Bhumata Brigade leader Trupti Desai on Monday said she would be seeking police protection after having allegedly received a string of death threats since she announced her intention to worship at Sabarimala temple in Kerala following the Supreme Court verdict allowing women of all ages to enter the temple.
Ms. Desai said she had received more than 200 posts of an extremely offensive nature — several among them threats to her life — since Friday last week on her Facebook page threatening her with dire consequences if she attempted to visit Sabarimala. “Since I approved of the SC verdict and announced my decision to visit the temple, I have been bombarded with a continuous stream of death threats and expletives. My fake pictures are circulating on social media in a bid to tarnish my reputation. While I have received threats in the past, the magnitude and the incessant profanities in the posts this time is appalling,” Ms.
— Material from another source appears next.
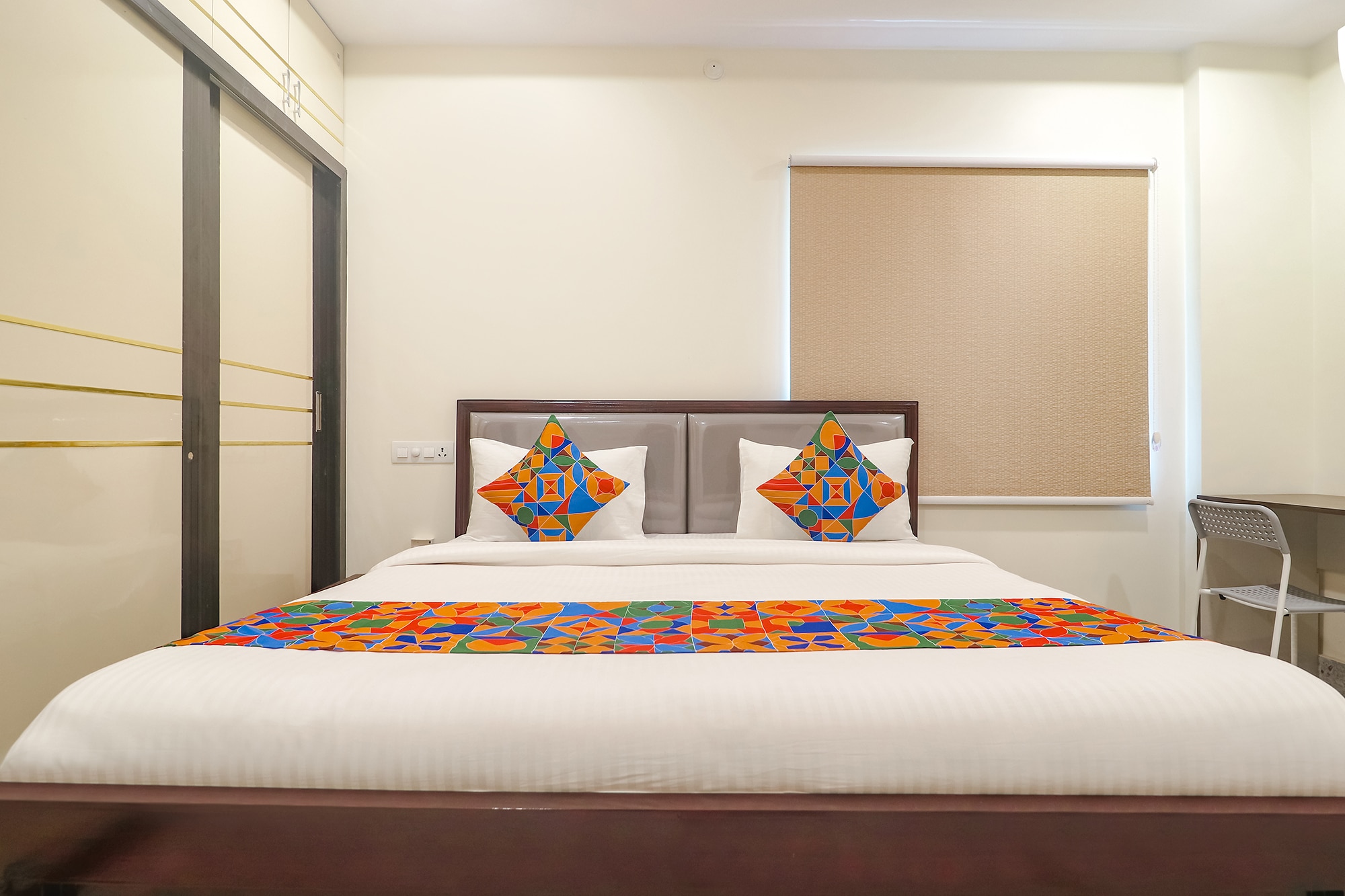 FabExpress RS Living - Nr TCS Deccan Park, Hitech City - Tap to explore photos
Desai told The Hindu .
She said she would be requesting the Pune Commissioner of Police to grant her protection in Pune as well as during her visit to the temple in Kerala.
“We have not yet fixed the date for the Sabarimala visit, but it would probably be sometime after Diwali,” she said, adding that she was undeterred by the threats, and was more than ever determined to offer worship at Sabarimala.
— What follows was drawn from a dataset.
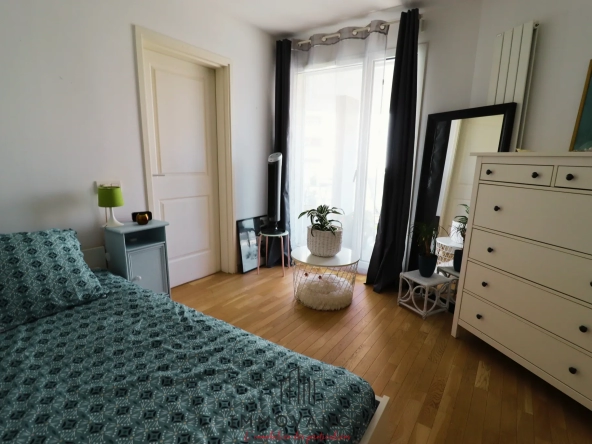 Appartement T2 avec terrasse à vendre à Port Marianne, Montpellier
Ms. Desai’s highly publicised temple-entry ‘crusades’ over the past few years to demolish gender barriers at shrines across Maharashtra has led to temple trustees opening the inner sanctum of the historic Shani Shingnapur Temple in Ahmednagar district to women in April 2016.
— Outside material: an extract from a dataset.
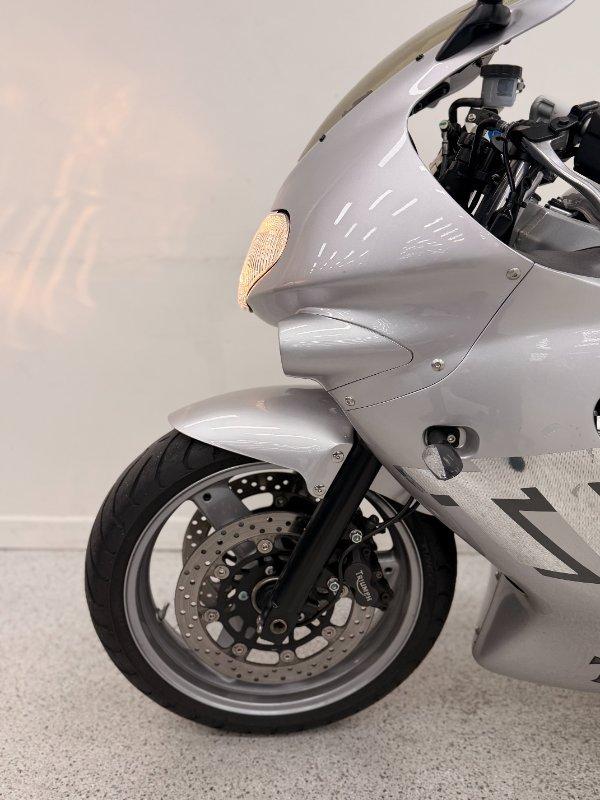 2003 TRIUMPH TT600 SPORTS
She had also mounted a campaign to seek entry for women in the core area of the Haji Ali Dargah in Mumbai. Ms. Desai had written more than once to the Sabarimala trustees, demanding entry to women of all ages.
“It is patently unjust to debar women for a whole month, owing to their menstruating cycle. We strongly challenge these outmoded notions of purity and deem it a gross injustice to devotees of Lord Ayappa,” Ms. Desai had said in a letter in 2016, exhorting the trustees to take “an historic decision” by ending the gender discrimination once and for all by lifting the ban.
In December last year, she had announced her decision to visit the temple, but called it off owing to a potential law and order situation.